* Task details *
Among the records below, find the line with "Peugeot 206 2003 photo 5" and the line with "Pre-Owned Shoulder Bag". Set down both and every line between, exactly and with no pictures, but nothing else.

* Records for the exercise *
================================

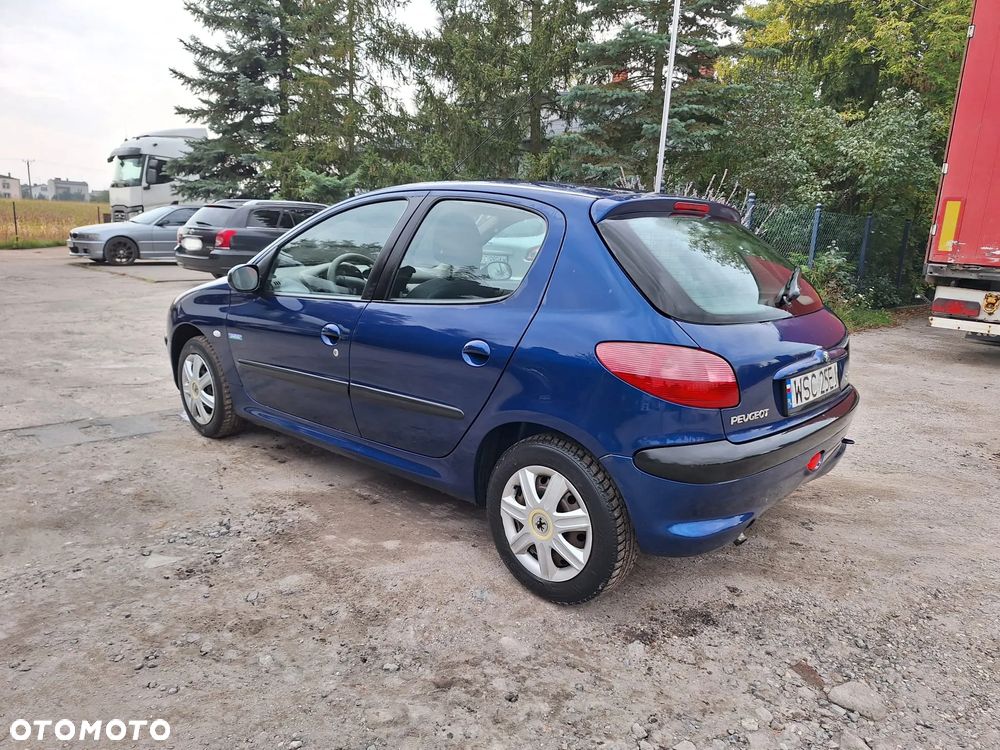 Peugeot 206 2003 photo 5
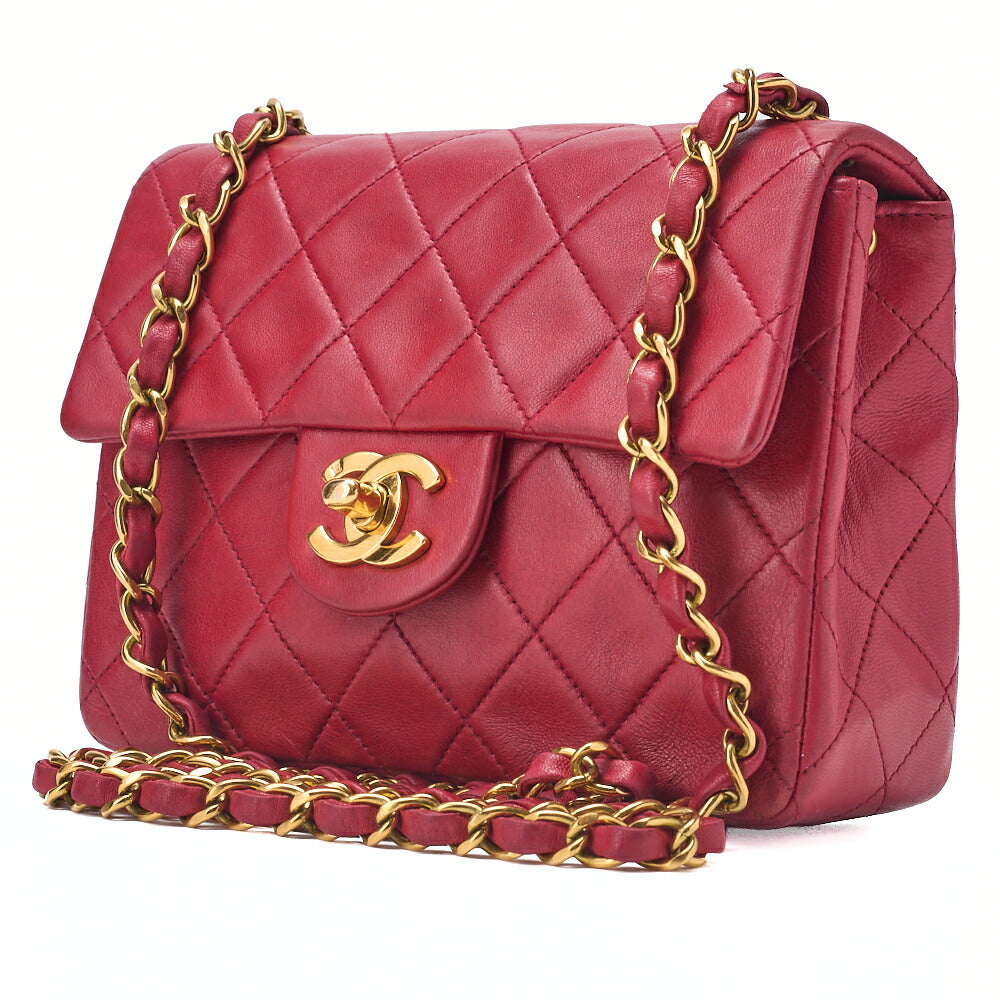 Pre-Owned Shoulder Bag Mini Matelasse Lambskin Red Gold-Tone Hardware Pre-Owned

================================

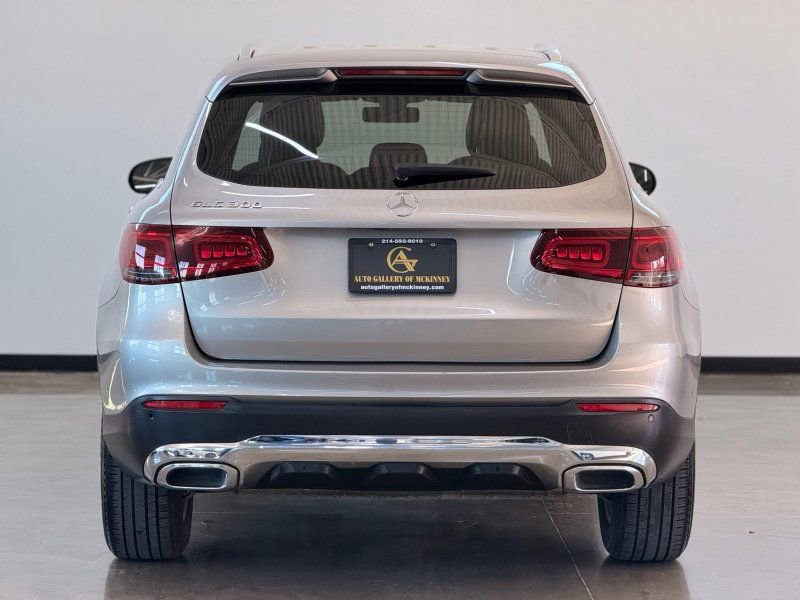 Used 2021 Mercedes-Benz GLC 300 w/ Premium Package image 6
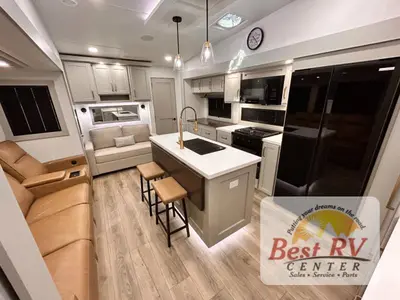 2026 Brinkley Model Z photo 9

================================

* Expected answer *
 Peugeot 206 2003 photo 5
 Pre-Owned Shoulder Bag Mini Matelasse Lambskin Red Gold-Tone Hardware Pre-Owned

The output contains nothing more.